EXERCISE INPUTS below:
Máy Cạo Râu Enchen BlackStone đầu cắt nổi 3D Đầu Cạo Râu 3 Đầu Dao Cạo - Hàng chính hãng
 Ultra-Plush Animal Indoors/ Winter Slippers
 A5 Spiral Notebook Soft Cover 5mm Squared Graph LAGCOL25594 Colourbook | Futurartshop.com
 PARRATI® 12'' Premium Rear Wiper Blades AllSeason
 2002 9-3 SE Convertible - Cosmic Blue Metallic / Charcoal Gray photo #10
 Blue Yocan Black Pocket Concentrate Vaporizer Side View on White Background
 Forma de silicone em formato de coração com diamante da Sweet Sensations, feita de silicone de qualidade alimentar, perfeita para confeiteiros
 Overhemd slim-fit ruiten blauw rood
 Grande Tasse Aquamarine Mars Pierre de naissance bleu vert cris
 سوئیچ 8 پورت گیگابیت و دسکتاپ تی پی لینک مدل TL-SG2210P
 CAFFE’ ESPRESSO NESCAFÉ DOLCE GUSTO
End of EXERCISE INPUTS.
# TASK INSTRUCTIONS:
The answer must consist of every line from the data that holds the string "Blue".

# FINISHED TASK:
 2002 9-3 SE Convertible - Cosmic Blue Metallic / Charcoal Gray photo #10
 Blue Yocan Black Pocket Concentrate Vaporizer Side View on White Background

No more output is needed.